═══ Data extract

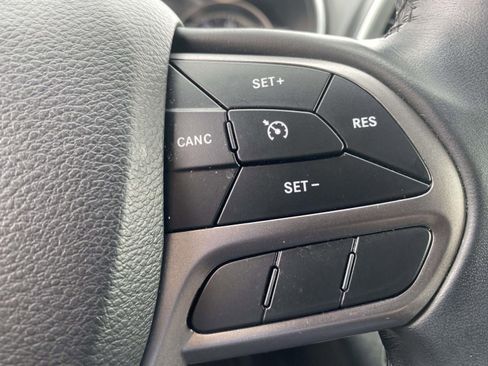 Used 2019 Jeep Cherokee Latitude Plus image 21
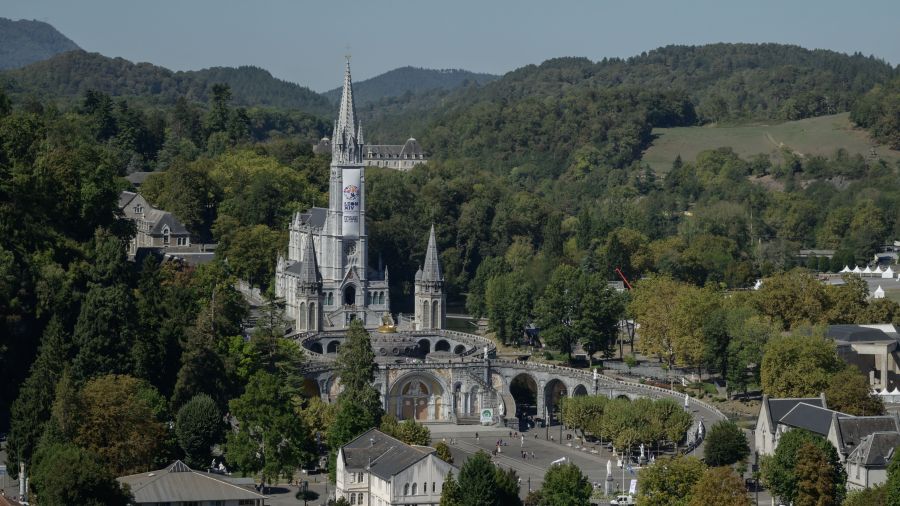 Visite du pape: derrière l'embellie des baptêmes de jeunes, une Église de France affaiblie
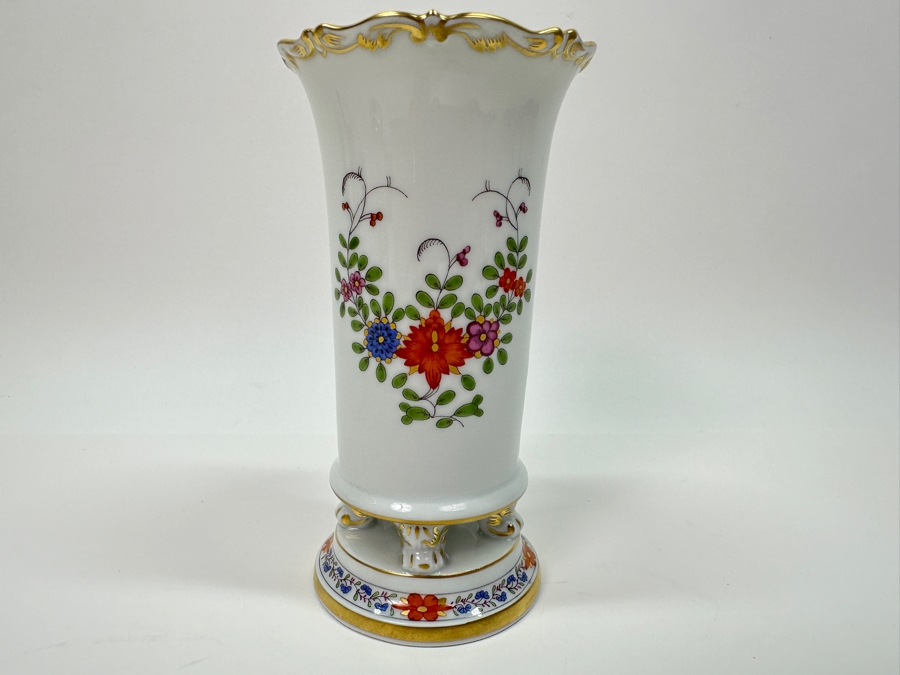 Meissen (Germany) Fine Porcelain Individually Hand Painted 'Colorful Indian Flower Painting, 2 Parts, Gold Edge' Dekor 451110 Vase 6H Estimate $300 [Photo 2]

══════

Everything in the listing must be restated word for word, except for the pictures.

## Reply to the task:
 Used 2019 Jeep Cherokee Latitude Plus image 21
 Visite du pape: derrière l'embellie des baptêmes de jeunes, une Église de France affaiblie
 Meissen (Germany) Fine Porcelain Individually Hand Painted 'Colorful Indian Flower Painting, 2 Parts, Gold Edge' Dekor 451110 Vase 6H Estimate $300 [Photo 2]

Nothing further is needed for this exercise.